Jerry and Charlene were bringing platters of food to the table.

“You didn't have any trouble finding me,” I said. “You were a lot harder to find.”

“Well,” Charlene said, “none of us is famous like you are.”

“I'm surprised you didn't send away for my autograph,” I said.

“Don't talk to my wife like that.” It was the first thing Jerry had said since we'd come in the door. He didn't look at me when he said it, but he said it nonetheless. “Sit down and let's have a nice dinner.”

Charlene went back to the counter for glasses of tea. Jerry sat down at the table and put a napkin in his lap. I sat, too. My only other option was throwing china, and I was saving that for when I really needed it. Jerry picked up the plate of meat and held it out for me to pick from.

“Excuse me,” I said. “I need to use the restroom.”

I didn't wait for directions. I went down the plastic runner past the family photos lining the hallway. Some of them were school pictures of a girl taken maybe twenty years ago judging by the haircut and the clothes. I stopped. I'd never thought about them having other children. She looked familiar.

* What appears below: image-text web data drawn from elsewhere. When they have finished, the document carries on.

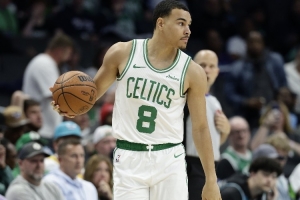 状态很一般!通杰20中7&三分11中4拿到21分 出现3失误4犯规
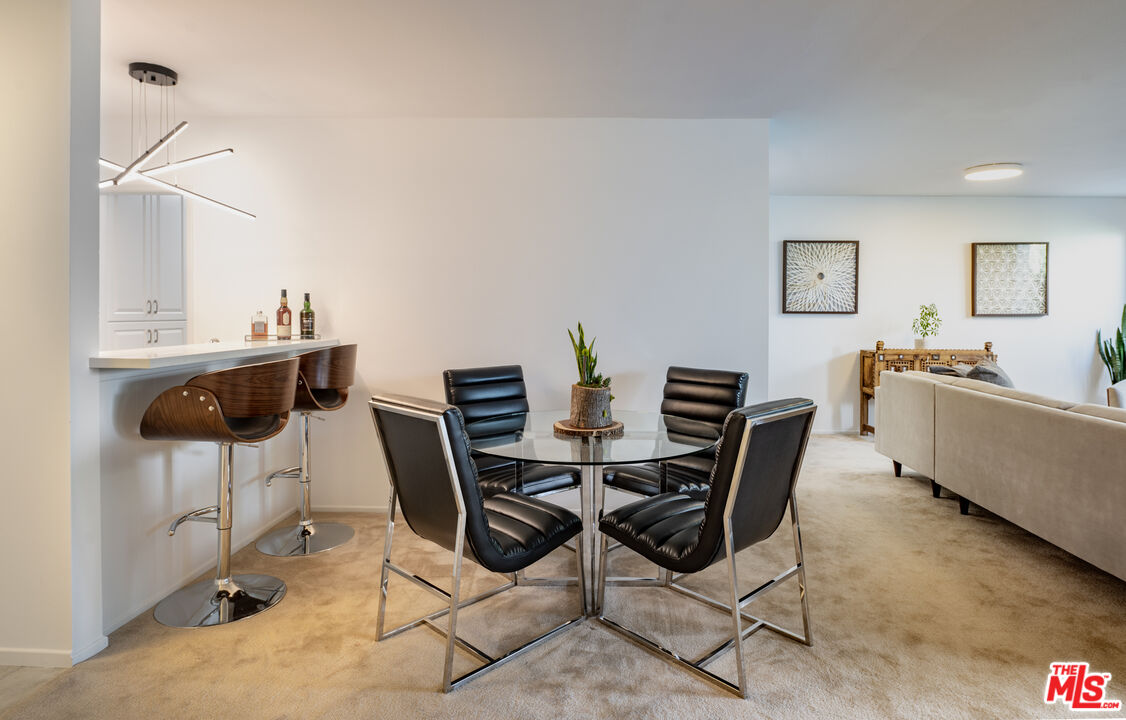 927 N Kings Rd Unit: 317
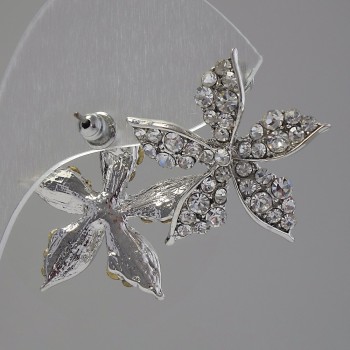 Cercei stud Floare, cu strasuri albe, metal în nuanță argintie, 2,5 cm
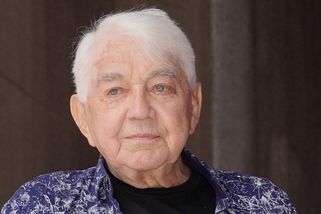 Detaily pohřbu Jiřího Krampola: Kolem už krouží nechutní supi, chtějí se zviditelnit – eXtra.cz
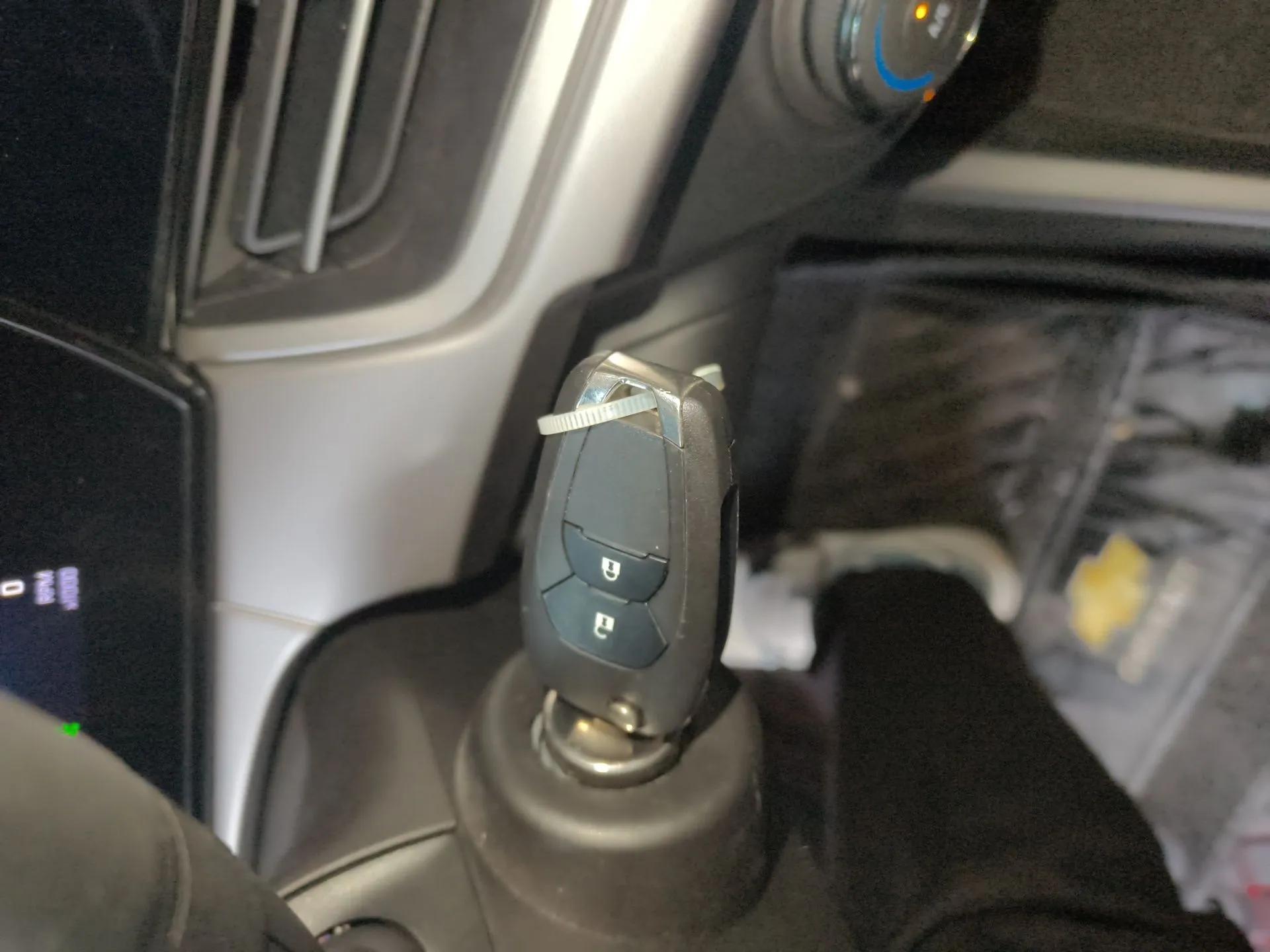 Chevrolet Seeker 2022 1.5T CVT Trend-Setting Edition — миниатюра 12
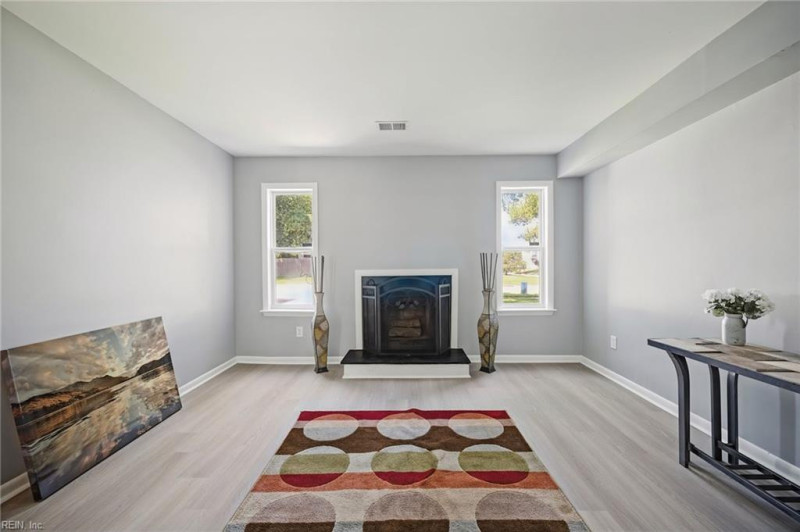 Photo 11 of 47 residential for sale in Portsmouth virginia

My stomach started to swirl again. The girl got older the farther down the hallway I went, and the farther I went the more familiar she got. And I thought it was because she was my sister, my half sister, and that she was familiar just the way Jerry had been at the end of the row of cubicles. I thought maybe my brain recognized kin and blood even when I'd never seen it before, but the girl went from grade school to junior high to high school, and then I knew. I reached up and took the last photo in the series off the wall.

When I turned, Jerry was standing there at the end of the hall watching me. The paper napkin was still tucked into the waistband of his pants.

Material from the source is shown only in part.